Attributes of a Population
A population possesses characteristics that an individual organism does not.
1. Birth Rate (Natality)
- Definition
- Number of births per individual (per capita) in a population during a given time.
- Example
- If 20 lotus plants produce 8 new plants in one year:
- Birth rate = 8 / 20 = 0.4 offspring per individual per year.
- Effect
- Increases population density.
2. Death Rate (Mortality)
- Definition
- Number of deaths per individual (per capita) during a given time.
- Example
- If 4 out of 40 fruit flies die:
- Death rate = 4 / 40 = 0.1 per individual.
- Effect
- Decreases population density.
3. Sex Ratio
- Definition
- Proportion of males and females in a population.
- Example
- 60% females and 40% males.
- Importance
- Determines reproductive potential and future population growth.

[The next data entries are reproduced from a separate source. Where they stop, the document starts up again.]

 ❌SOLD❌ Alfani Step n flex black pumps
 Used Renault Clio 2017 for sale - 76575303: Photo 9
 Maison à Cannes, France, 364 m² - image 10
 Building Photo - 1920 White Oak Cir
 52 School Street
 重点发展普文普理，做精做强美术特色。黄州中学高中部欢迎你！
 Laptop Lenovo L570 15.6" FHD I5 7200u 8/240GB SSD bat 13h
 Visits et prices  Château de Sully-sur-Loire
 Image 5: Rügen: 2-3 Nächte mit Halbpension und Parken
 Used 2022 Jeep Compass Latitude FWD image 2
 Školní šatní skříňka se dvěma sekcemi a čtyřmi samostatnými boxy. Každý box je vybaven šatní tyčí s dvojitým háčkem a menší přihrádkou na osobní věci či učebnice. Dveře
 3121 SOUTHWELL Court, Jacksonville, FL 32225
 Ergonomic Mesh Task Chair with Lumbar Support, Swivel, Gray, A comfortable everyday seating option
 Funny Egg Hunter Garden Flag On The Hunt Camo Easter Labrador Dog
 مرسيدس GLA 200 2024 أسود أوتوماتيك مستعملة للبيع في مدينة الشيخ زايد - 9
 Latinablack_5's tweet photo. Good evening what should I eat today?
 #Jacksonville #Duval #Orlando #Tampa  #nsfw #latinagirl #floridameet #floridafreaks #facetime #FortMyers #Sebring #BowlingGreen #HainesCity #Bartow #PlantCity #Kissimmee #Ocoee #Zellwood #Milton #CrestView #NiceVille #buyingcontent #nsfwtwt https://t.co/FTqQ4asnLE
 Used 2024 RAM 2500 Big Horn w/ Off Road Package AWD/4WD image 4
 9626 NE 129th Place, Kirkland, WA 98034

4. Age Distribution (Age Structure)
- Definition
- Proportion of individuals in different age groups within a population.
- Ecological Age Groups
- Pre-reproductive (juvenile)
- Reproductive (adult)
- Post-reproductive (old)
Age Pyramid
Graphical representation of age distribution in a population.
Types of Age Pyramids
- Triangular (Expanding Population)
- Large pre-reproductive group
- Rapid population growth
- Bell-shaped (Stable Population)
- Nearly equal proportion in all age groups
- Zero or very slow growth
- Urn-shaped (Declining Population)
- Larger post-reproductive group
- Negative population growth
Age structure directly influences natality and mortality.
5. Population Size and Density (N)
- Definition
- Population density is the number of individuals of a species per unit area or volume at a given time.
- Importance
- Indicates population status within a habitat.
- Population size may range from a few individuals to millions.
Methods of Measuring Population Density
- Total Count
- Total number of individuals present.
- Not practical for very large populations.
- Per Cent Cover or Biomass
- Used when counting individuals is impractical or misleading.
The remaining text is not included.